What is needed |
Every line from the one bearing "TN license plate U5601T" through the last line of the entries should be printed exactly, with no other output.

- - -

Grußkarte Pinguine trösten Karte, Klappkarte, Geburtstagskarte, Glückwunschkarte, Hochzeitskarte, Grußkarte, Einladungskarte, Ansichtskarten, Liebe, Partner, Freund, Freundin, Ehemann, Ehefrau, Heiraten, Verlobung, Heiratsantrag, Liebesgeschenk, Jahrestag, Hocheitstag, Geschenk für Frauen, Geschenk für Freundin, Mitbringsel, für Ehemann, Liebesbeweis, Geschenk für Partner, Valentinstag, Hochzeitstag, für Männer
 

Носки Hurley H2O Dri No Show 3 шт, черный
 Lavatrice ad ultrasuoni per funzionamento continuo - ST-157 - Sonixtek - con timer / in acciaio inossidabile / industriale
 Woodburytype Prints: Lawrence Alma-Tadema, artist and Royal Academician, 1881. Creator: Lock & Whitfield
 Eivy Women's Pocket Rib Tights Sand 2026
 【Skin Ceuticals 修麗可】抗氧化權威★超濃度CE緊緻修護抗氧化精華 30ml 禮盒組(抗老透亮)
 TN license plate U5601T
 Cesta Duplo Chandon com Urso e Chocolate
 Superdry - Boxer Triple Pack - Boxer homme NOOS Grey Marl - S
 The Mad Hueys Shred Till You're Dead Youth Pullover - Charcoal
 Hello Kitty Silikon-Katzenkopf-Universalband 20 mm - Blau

- - -

Response to the exercise |
 TN license plate U5601T
 Cesta Duplo Chandon com Urso e Chocolate
 Superdry - Boxer Triple Pack - Boxer homme NOOS Grey Marl - S
 The Mad Hueys Shred Till You're Dead Youth Pullover - Charcoal
 Hello Kitty Silikon-Katzenkopf-Universalband 20 mm - Blau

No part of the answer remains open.